We often hear that individuals know what to expect because a friend, a colleague or a family member went through a separation. More often than not, the advice they have been given is incorrect or misleading. Here, the major focus is on five myths of divorce and separation.
Every family law matter is different, and it is important that people facing such a situation seek specialist advice to enable them to make informed decisions in the future. Separation is confusing enough as it is without incorrect and misleading information from others.
MYTH #1 – All relationships end in a 50/50 property division
- The length of the relationship
- The financial (direct or indirect) contributions of both parties
- The non-financial contributions of both parties – homemaker and carer roles
- The current and future needs of both parties – age and health of each individual
Because there are so many different factors to consider, the reality is that a 50/50 property division is actually rare.
MYTH #2 – You have to be divorced to do a property settlement
You do not have to be divorced to do a property settlement.
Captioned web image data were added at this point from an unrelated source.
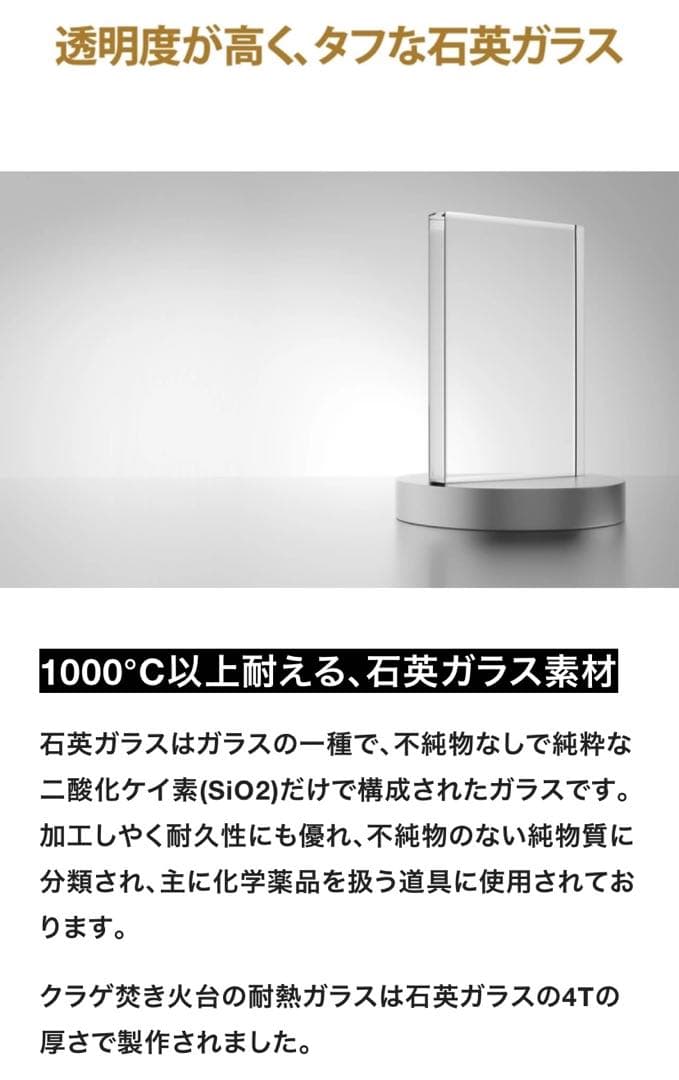 CAMVILケムビル 焚き火台 ステンレス製 収納バッグ&箱付き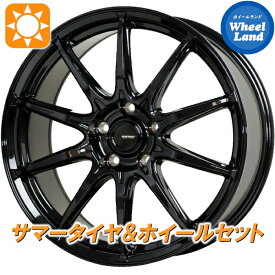 【20日(木)お得なクーポン!!】【タイヤ交換対象】トヨタ 86 ZN6 ブレンボ除く ホットスタッフ Gスピード G-05 メタリックブラック ヨコハマ ブルーアース GT AE51 215/45R17 17インチ サマータイヤ&ホイールセット 4本1台分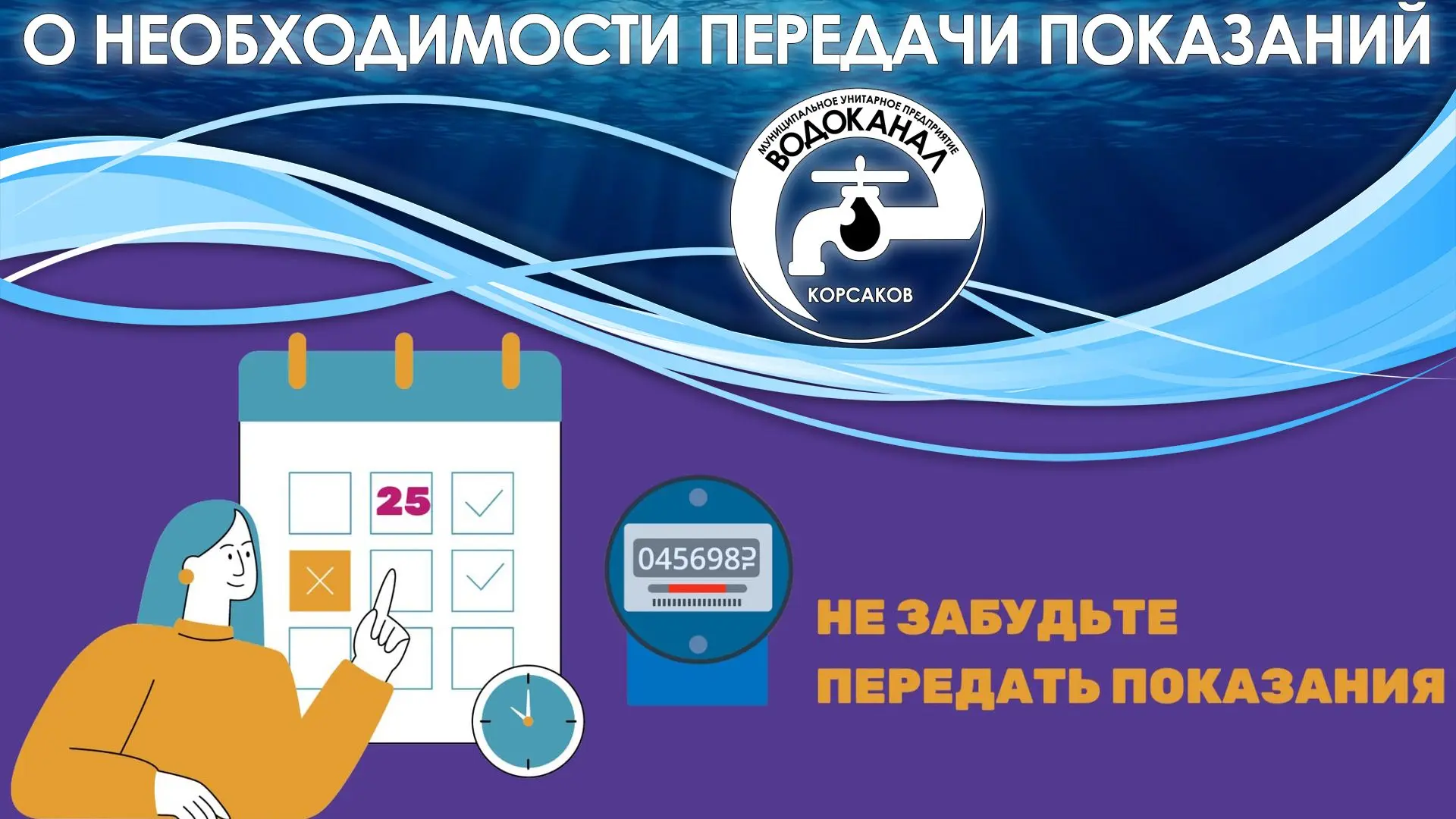 Уважаемые жители!

Прием показаний приборов учета воды осуществляет расчетный центр ПАО «ДЭК» с 15 п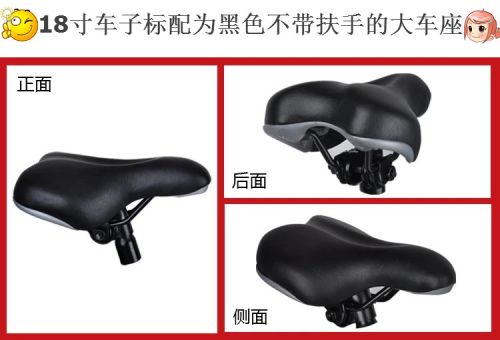 Selle de vélo - Ref 2346176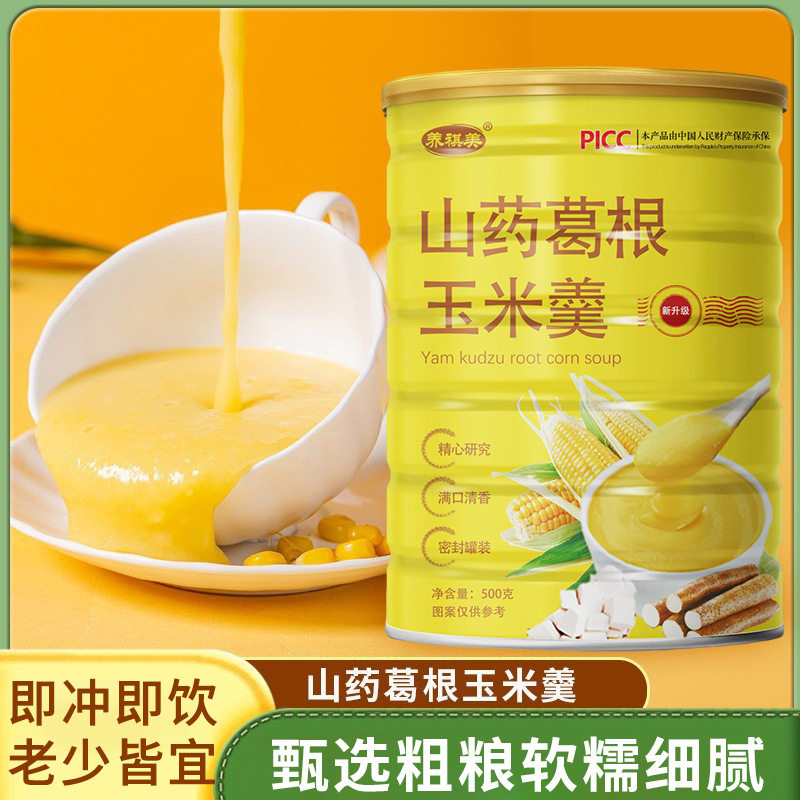山姆冠名山药葛根玉米羹玉米糊500g即食早餐免煮速溶方便食品罐装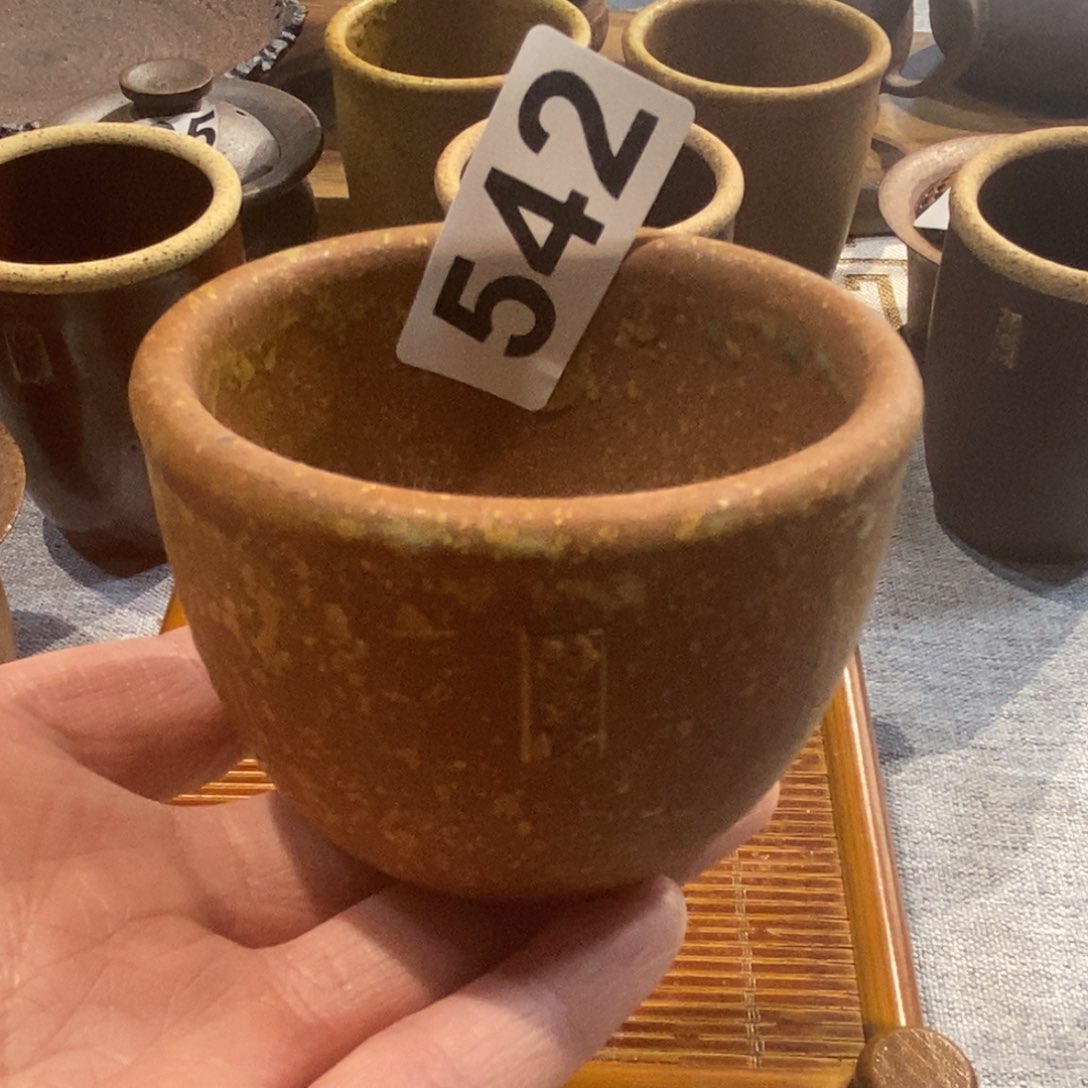 不支持退换介意勿拍高温粗瓷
However, there are time limits depending on whether the settlement is for a de facto relationship or a marriage.
- Marriage: 12 months from the date the divorce order takes effect
- Defacto: 2 years from the date of separation
Once a divorce order is made, there is a 12-month time limit for you to commence proceedings for a property settlement. The 12-month time limit starts from the date the divorce order comes into effect.
In the case of de facto couples, the time limit to commence property proceedings is two years from the date of separation.
If you do not commence proceedings within these time frames, you will need to seek permission from the court to commence proceedings. It is the Court’s discretion as to whether they grant permission or not and they will only do so in limited circumstances.
MYTH #3 – Assets within companies, trusts and superannuation funds are excluded from a property settlement
The definition of property in Family Law is wide. The important word is control.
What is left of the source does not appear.